When he glanced back, the game had stopped and the girl was staring. Directly at him, and then she started to come. He glared at her, but she kept advancing, slowly, the two neighbor kids sticking behind her.

She was maybe ten.

East pushed off. Casually he loped down the yard. Sony was already bristling: “Get back up the street, girl.” East flattened his hand over his lowest rib: Easy.

The girl was stout, round-faced, dark-skinned, in a clean white shirt. She addressed them brightly: “This a crack house, ain’t it?”

That’s what Fin said: everyone still thought it was all crack.

“Naw.” East glanced at Sony. “Where you come from?”

“I’m from Jackson, Mississippi. I go to New Hope Christian School in Jackson.” She nodded back at the neighborhood kids. “Them’s my cousins. My aunt’s getting married in Santa Monica tomorrow.”

“Girl, we don’t give a fuck,” said Antonio, up in the yard.

“Listen to these little gangsters,” the girl sang. “Y’all even go to school?”

Probably from a good neighborhood, this girl. Probably had a mother who told her, Keep away from them LA ghetto boys, so what was the first thing she did?

East clipped his voice short. “You don’t want to be over here. You want to get on and play.”

“You don’t know nothing about what I want,” boasted the girl. She waved at Antonio. “And this little boy here who looks like fourth grade. What are you? Nine?”

“Damn,” Sony cheered her, chuckling.

Somewhere fire engines were gunning, moving again; East stepped back and listened. A woman and a daughter walked by arguing about candy. And the helicopter still chopping. It tensed East up. There were too many parts moving.

“Girl, back off,” he said. “I don’t need you mixed up.”
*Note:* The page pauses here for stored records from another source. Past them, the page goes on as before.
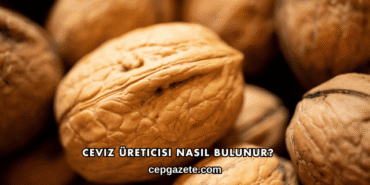 Ceviz Üreticisi Nasıl Bulunur?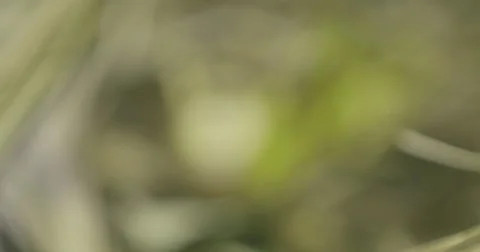 4K Ultra HD Closeup of Lizard Pulling Into Focus Stock Footage 42135425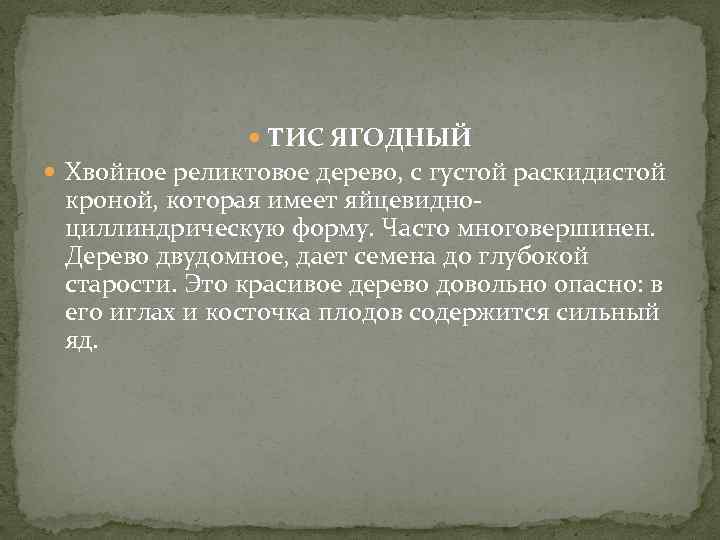 ТИС ЯГОДНЫЙ Хвойное реликтовое дерево, с густой раскидистой кроной, которая имеет яйцевидноциллиндрическую форму.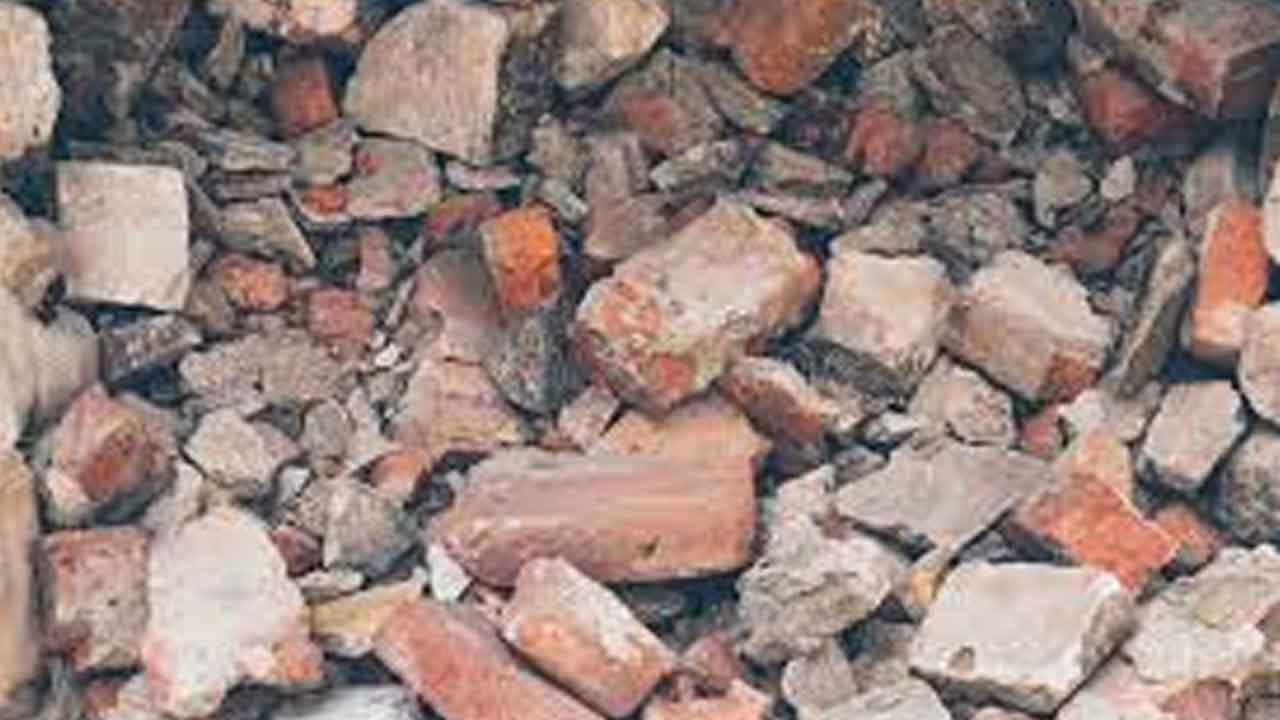 గోడ కూలి నానమ్మ, మనవడు మృతి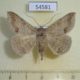 54581p-Noctuidae-Ericeia-congressa-Madagascar-10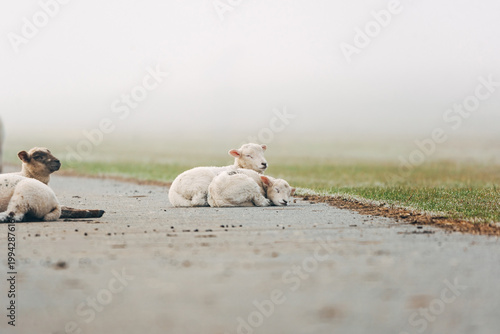 Young Lambs Resting on a Paved Coastal Path, Sweet Spring Moment on a North Sea Dike in Natural Daylight
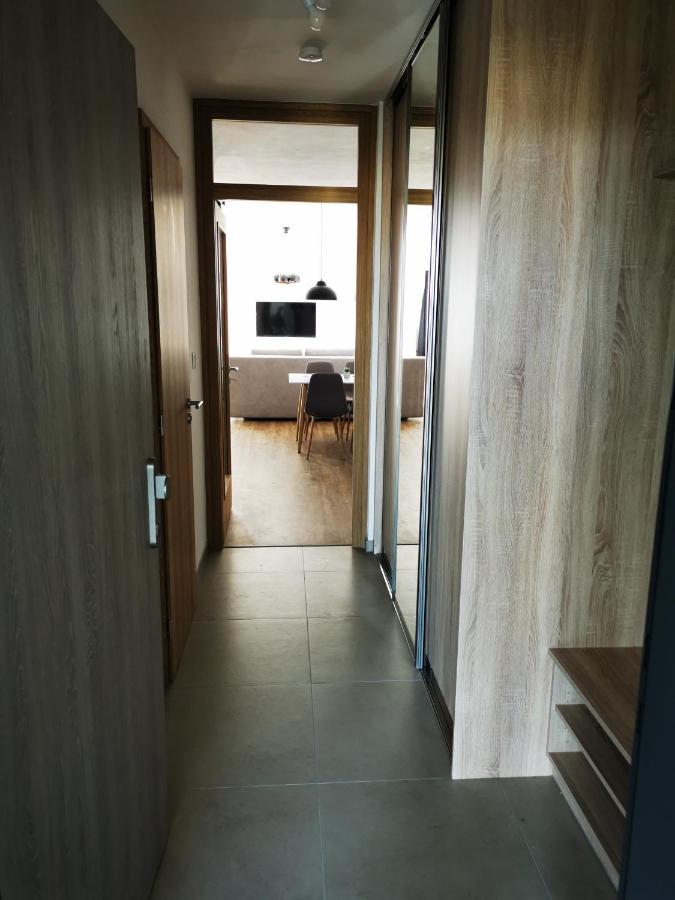Apartman Mlynska Strouha Plzen Exterior photo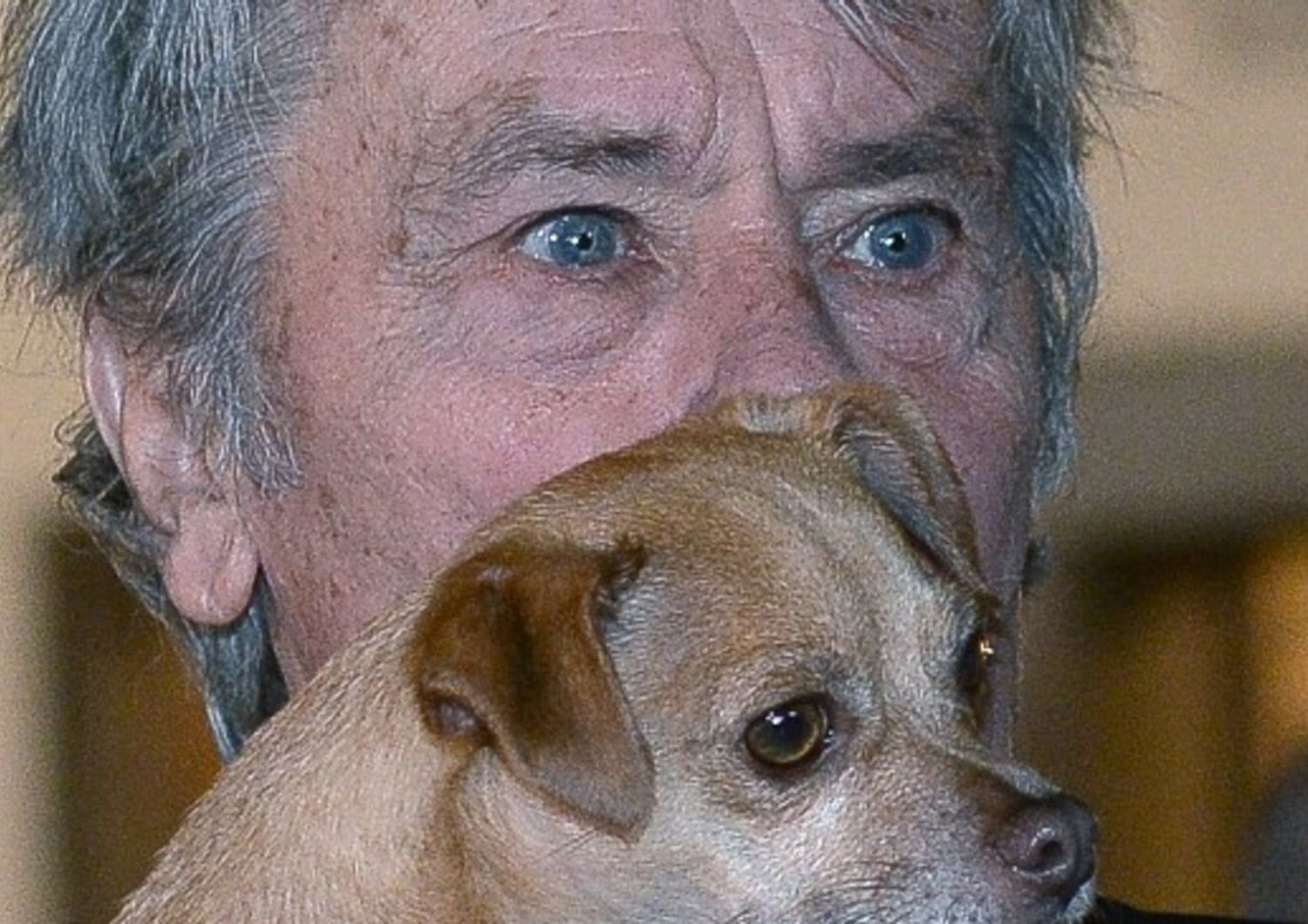 alain delon sepolto vicino suoi cani senza funerale di stato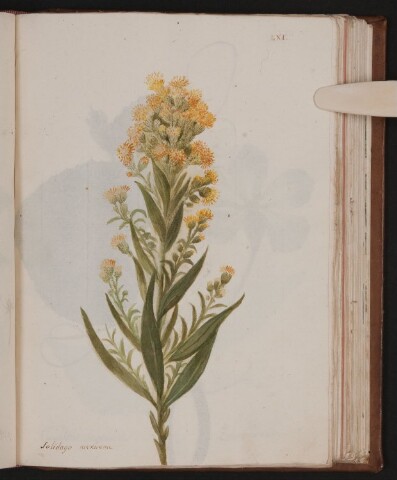 Anteprima dell'oggetto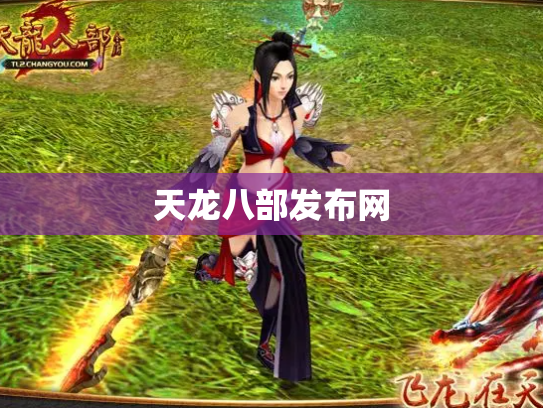 天龙八部发布网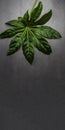 Banner of Leaf pattern. Popular plant in interior design, Green tropical leaves on gray concrete background. Summer concept. Flat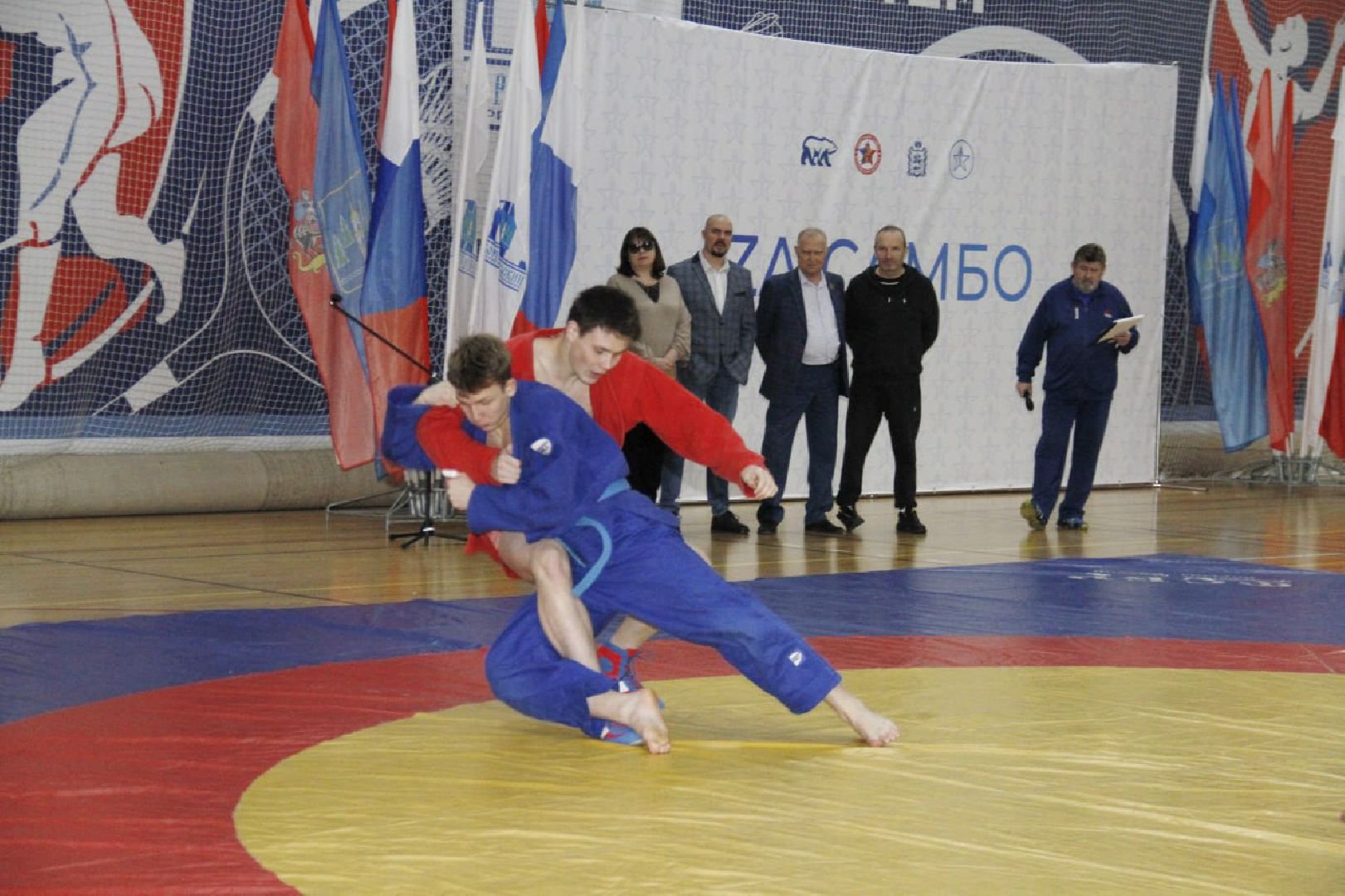 раменское, спорт, спорткомплекс борисоглебский, фестиваль к 85-летию самбо,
“You’re mixed up,” said the girl. She put one hand on the wall, immovable like little black girls got. A fighter.

“This kid,” East snorted. The last thing you wanted by the house was a bunch of kids. Women had sense. Men could be warned. But kids, they were gonna see for themselves.



A screech careened up the flat face of the street, hard to say from where. Tires. East’s talkie phone crackled on his hip. He scooped it up. It was Needle at the north lookout. But all East heard was panting, like someone running or being held down. “What is it?” East said. “What is it?” Nothing.

He scanned, backpedaling up the lawn.

Something was coming. Both directions, echoing, like a train.